* **Available data**:

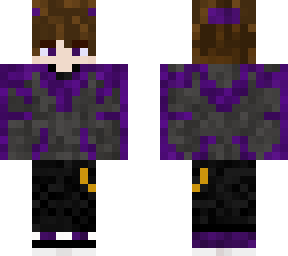 purple night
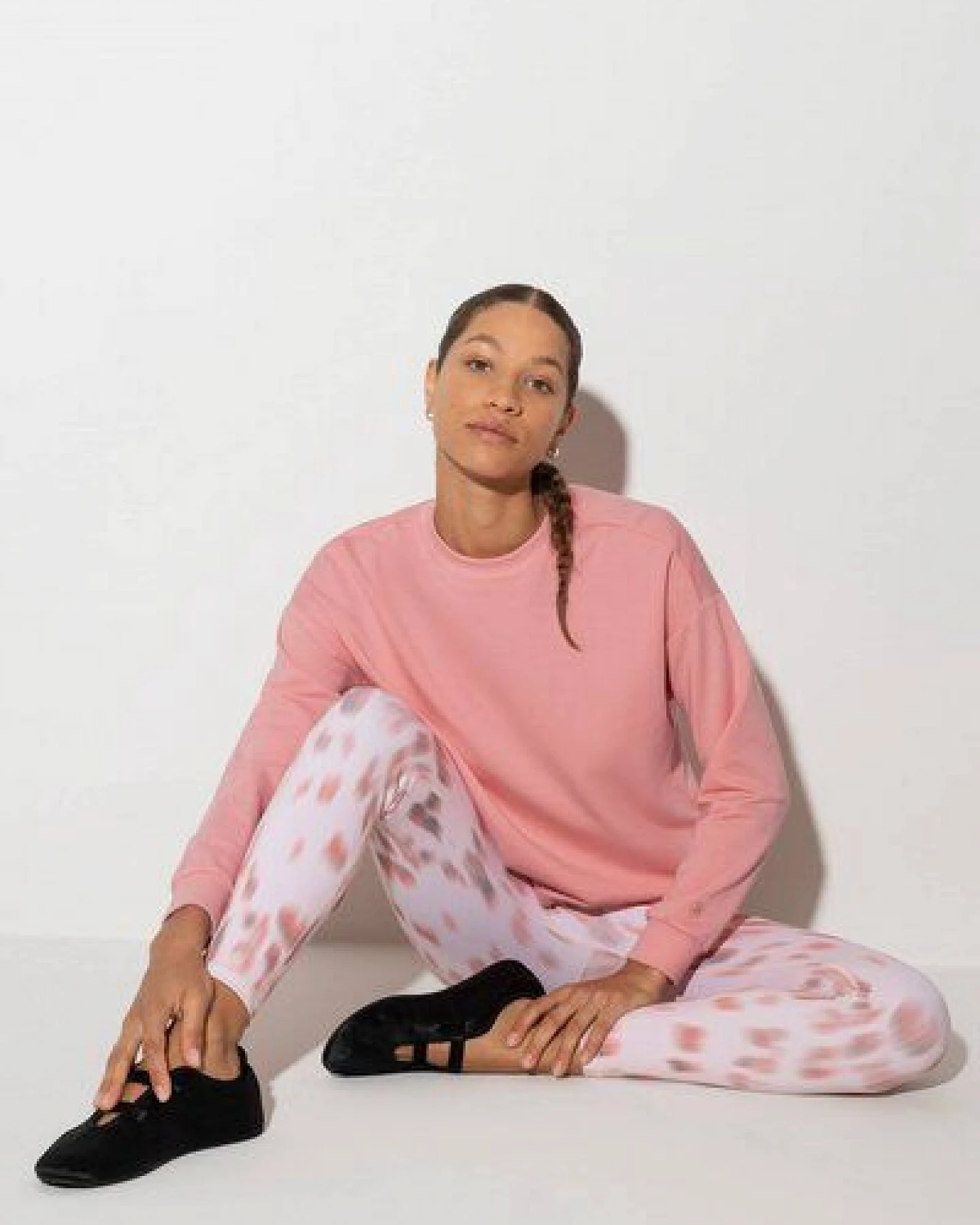 Soulwear Atmungsaktives Sweatshirt – Ansicht 2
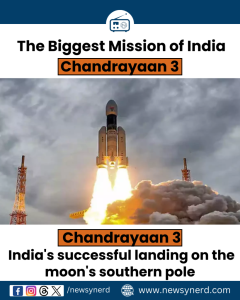 Chandraynn 3 mission launched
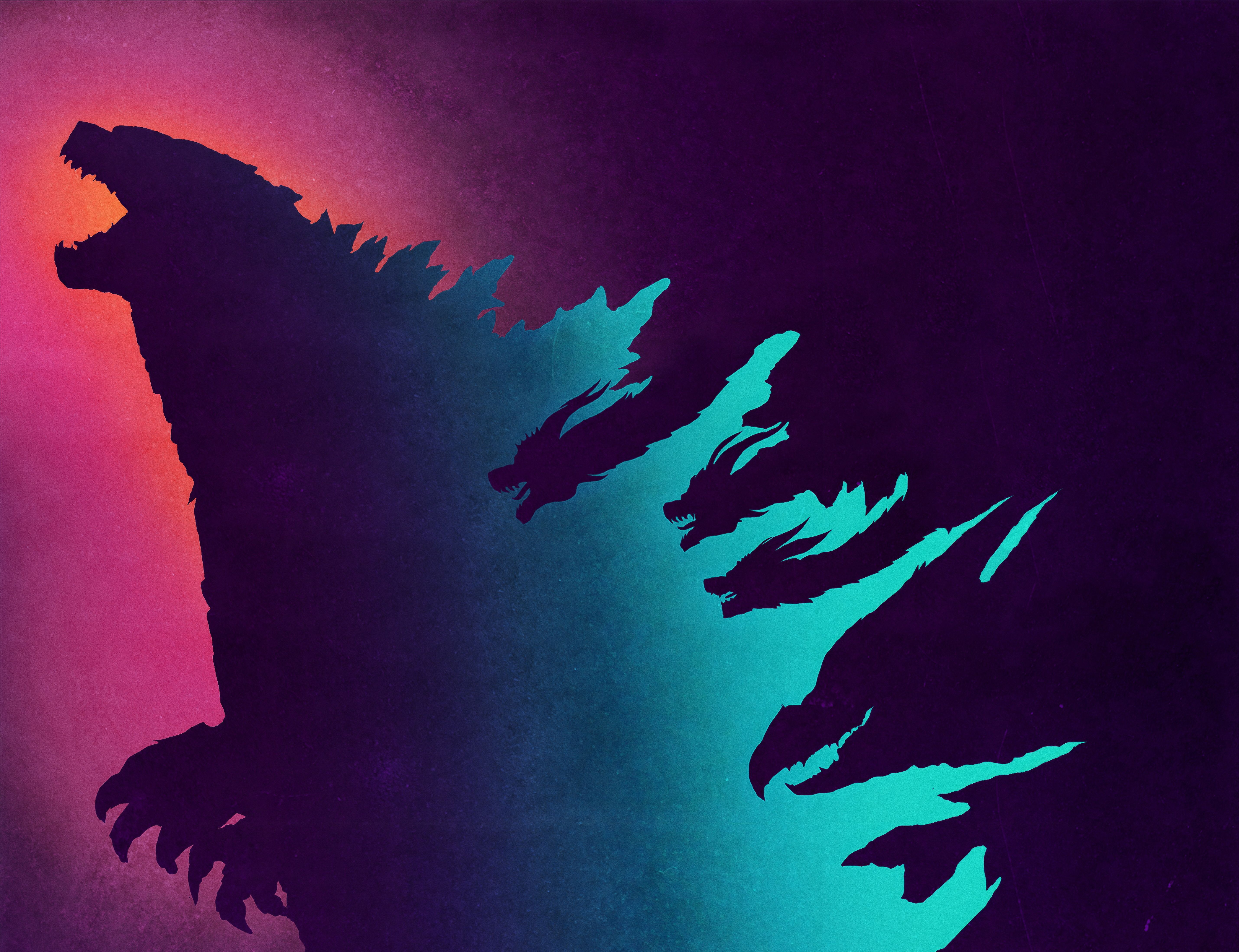 Godzilla Desktop Wallpapers - Wallpaper Cave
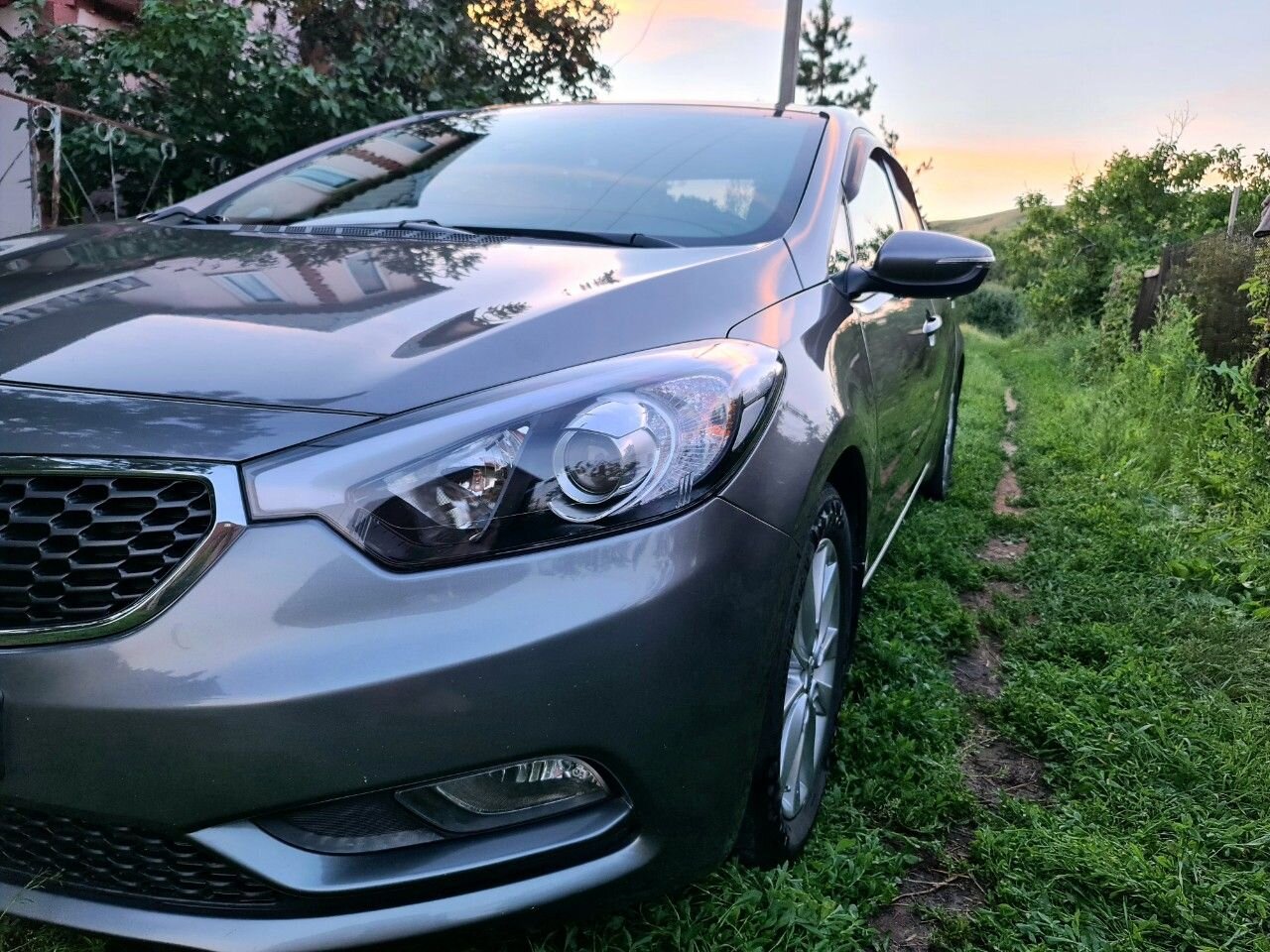 Kia Cerato: фото владельца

* **Description of the task**: Reproduce the data verbatim and omit each image.

* **Answer to this exercise**:
 purple night
 Soulwear Atmungsaktives Sweatshirt – Ansicht 2
 Chandraynn 3 mission launched
 Godzilla Desktop Wallpapers - Wallpaper Cave
 Kia Cerato: фото владельца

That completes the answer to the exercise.